In this lesson we will be analyzing the relationship (differential equation) between motion parameters (functions) and their rates of change (derivatives). We will be using first order ordinary differential equations (ODE).

The parameters that we are going to be using will be standard units for length, mass, force, and time and are generally quantified in three standard systems: Centimeter-Gram-Seconds (CGS); Meter-Kilogram- Seconds (MKS); and Foot-Pound-Slug (British).

 

Parameters and Relationships:

 

Time (t)

Displacement/ Position (y): y = y(t)

Velocity (v): v = v(t) v = y’

Terminal Velocity (vt)

Acceleration (a)(): a = a(t) a = v’ a = y’’

Force (F): F = m a

Force of Gravity/ Weight (Fg): Fg = m g

Resistive Force (F1): F1= k|v| = -kv

Acceleration due to Gravity (g): 9.8 m/s2 (mks); 980 cm/s2 (cgs); 32 f/s2(British)

 

http://hyperphysics.phy-astr.gsu.edu/hbase/acons.html

We will refer to an object’s displacement as the length measured from its original position to its final position, while we will say that distance is the total length traveled to its final position.

Velocity is the rate of change of position with respect to time. An example of this is a car’s speedometer which measures forward speed (velocity) in either miles per hour, or kilometers per hour. Velocity is the first derivative of position, the rate of change in position with respect to time.

Acceleration is the rate of change of velocity with respect to time. It is the first derivative of velocity, or the second derivative of position. We will constrain ourselves to only using First Order equations in this lesson.

 

Newton’s second law of motion asserts that for a constant mass (m), the force (F) and the acceleration (a) are related by the equation:

$F=ma$

This equation can be further defined by the form:

$F(t, y, y’) = my’$

Here we see that the force F may depend upon t, y, and y’. Remembering our constraint to use first order differential equations we will omit the use of y to attain the form:

$F(t, y’) = my’$

Then recast the form in terms of v:

$F(t, v) = mv’$

Let’s also recall that weight is:

$W=F=mg$

Motion Through a Resisting Medium Under Constant Gravitational Force:

 

In previous 2D motion physics problems our projectile motions were not inhibited by a resisting medium. Among the list of assumptions in these problems was that there was no effect due to water or air resistance (drag). This led to possible inaccuracies in the solutions in comparison to real world applications.

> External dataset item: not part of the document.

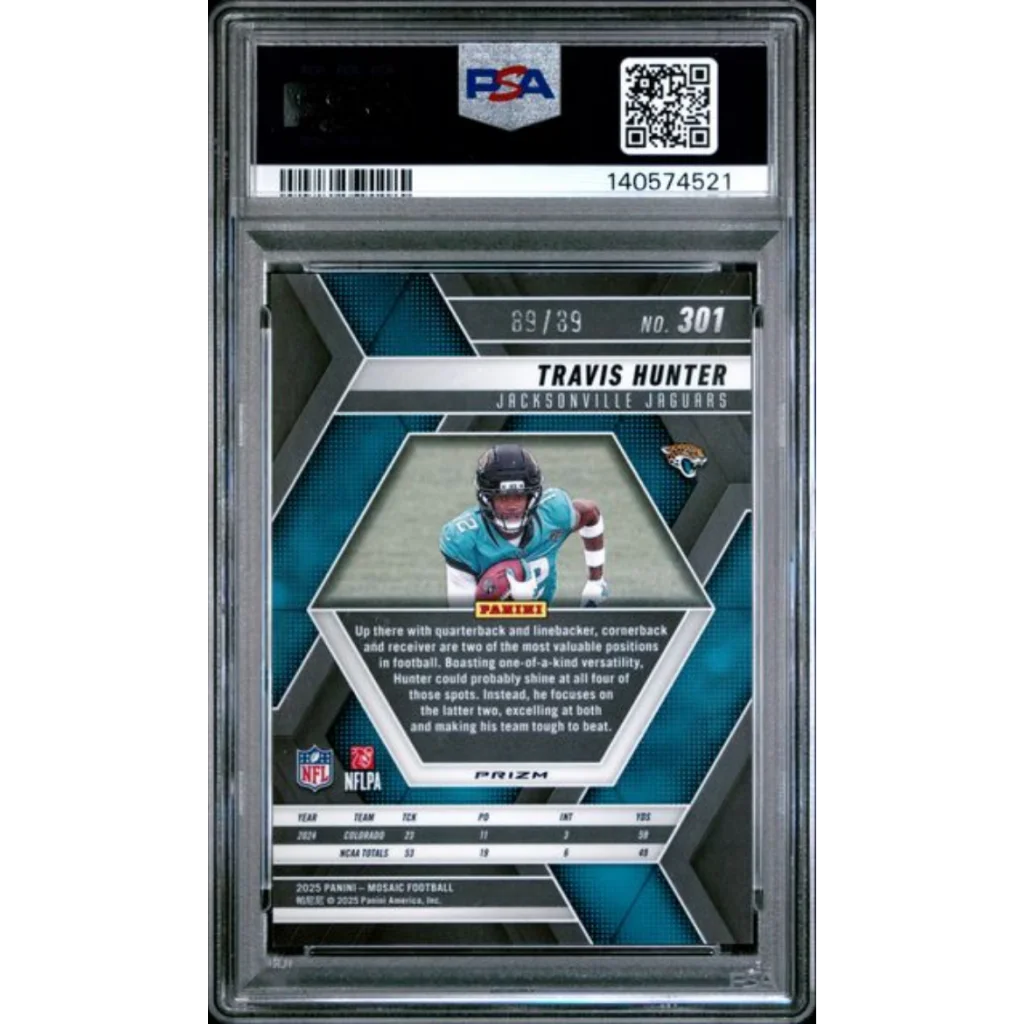 Graded 2025 Panini Mosaic Travis Hunter 301 Fusion Red and Yellow Choice 89 Rookie RC Football Card PSA 10 Gem Mint | PSA 10 Gem Mint Graded Rookie Card | vintageantiquesgifts.com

In order to attain a more accurate solution we will introduce resistive force as a parameter in our motion equation.

The total force acting on our object with the addition of a resistive force would be:

$F= -mg+F_{1}$

where $F_{1}$ is equal to a positive constant * velocity:

$F_{1}= k \lvert v \rvert =- kv$

this yields:

$mv’= -mg-kv$

rewrite in standard form for a first order linear equation and solve:

$v’+\frac{k}{m}v=-g$

Strategies:

When attempting to solve the differential equation consider:

  • Are all units in the same system (CGS, MKS, British)?
  • Recall that weight and mass are not the same.
  • Mass = ?
  • Acceleration due to gravity = ?
  • k = ?
  • Determine the general solution to the differential equation.
  • Verify what the question is asking.
  • Apply any additional parameters from the problem and solve the Initial Value Problem (IVP).

 

Escape Velocity:

Escape velocity is the speed that an object needs to be traveling to break free of a planet or moon’s gravity well and leave it without further propulsion (northwestern.edu).

  • Time (t)
  • Altitude (y, h), Maximum Altitude (ym)
  • Escape Velocity (ve)
  • Radius of Earth (R): 6378000m
  • Gravitational Constant (G):  6.67 × 10-11 Newtons kg-2 m2
  • Mass of the Earth (M)

 

Let $GM=K$

 

The gravitational force on the vehicle at an altitude $y$ above Earth is:

$F=-\frac{K}{(y+R)^2}$

Since $F=-mg$ when $y=0$ setting $y=0$ yields:

$-mg=-\frac{K}{R^2}$

and thus $K=mgR^2$:

$F=-\frac{mgR^2}{(y+R)^2}$

incorporate Newton’s second law of Motion formula:

$F=my”$ or $F=mv’$ or $F=ma$

therefore:

$a=\frac{gR^2}{(y+R)^2}$

or

$v’=\frac{gR^2}{(y+R)^2}$

 When $t=0$ the velocity is $v_{0}$ and the altitude is $h$,

Therefore we can obtain $v$ as a function of $y$ by solving the initial value problem when $v(h) = v_{0} $. That is: when the altitude of the spacecraft is 0, it is on the surface (ie :its position is equal to the radius of the earth).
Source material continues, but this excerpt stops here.